Nobody really knows how many Jews were forced to flee areas of Palestine that became Arab in the 1948 war. According to a new book on the subject, the number could be as high as 70,000. David Shayne reports in the Jerusalem Post:
70 years ago, war ravaged what was, until May 15, 1948, the British-ruled “Palestine Mandate.” As is common in war, many civilians were uprooted. This well-publicized fact is the heart of the Great Debate over the justice or injustice of Israel’s founding. Arguments rage over the number of Palestinian Arab refugees – anywhere from 300,000 to 800,000 – and the causes of their dispossession.
However, a lesser known fact is that between 10% and 20% of “Palestinian” refugees were Jews. Not the 400,000-800,000 Jews who fled or were driven from Arab countries during the same time, but Palestinian Jews – or Israelis, as they were later called.

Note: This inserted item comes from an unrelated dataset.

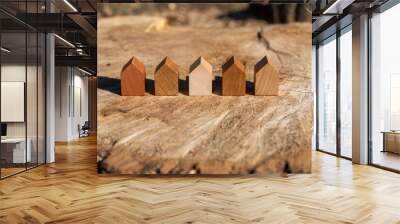 wooden house models on tree stump in the outdoors. concept image for wood as a renewable and sustainable building material for modular timber architecture.  Wall mural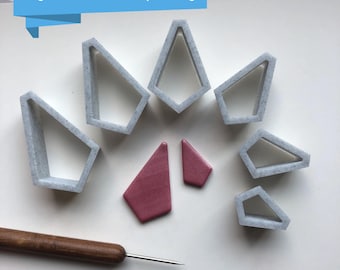 May include: A set of eight white plastic geometric shapes, including a variety of triangles and quadrilaterals, with two small pink clay shapes. The text "Digital files for 3D printing" is visible at the top of the image.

I first encountered this surprising fact in Benny Morris’s book 1948, where he puts the number of Jewish refugees at 70,000 but provides little discussion as to why the number is so large.
I asked acquaintances whom I consider to be knowledgeable, how many Jewish refugees the war created and all believed only few hundred to a couple of thousand – considering only the most devastating defeats, like the fall of the Old City of Jerusalem and the Etzion Bloc.
I wondered whether Prof. Morris, among Israel’s most valuable and important historians, made a mistake in citing such a high number, or perhaps a typo – may be he meant 7,000?
Enter Dr. Nurit Cohen-Levinovsky, a historian with the Rabin Center and author of Jewish Refugees in Israel’s War of Independence (Hebrew). Her book supports Morris’s claim – she estimates closer to 60,000 Jewish refugees – and provides a broad analysis of the causes and scope of that Jewish flight.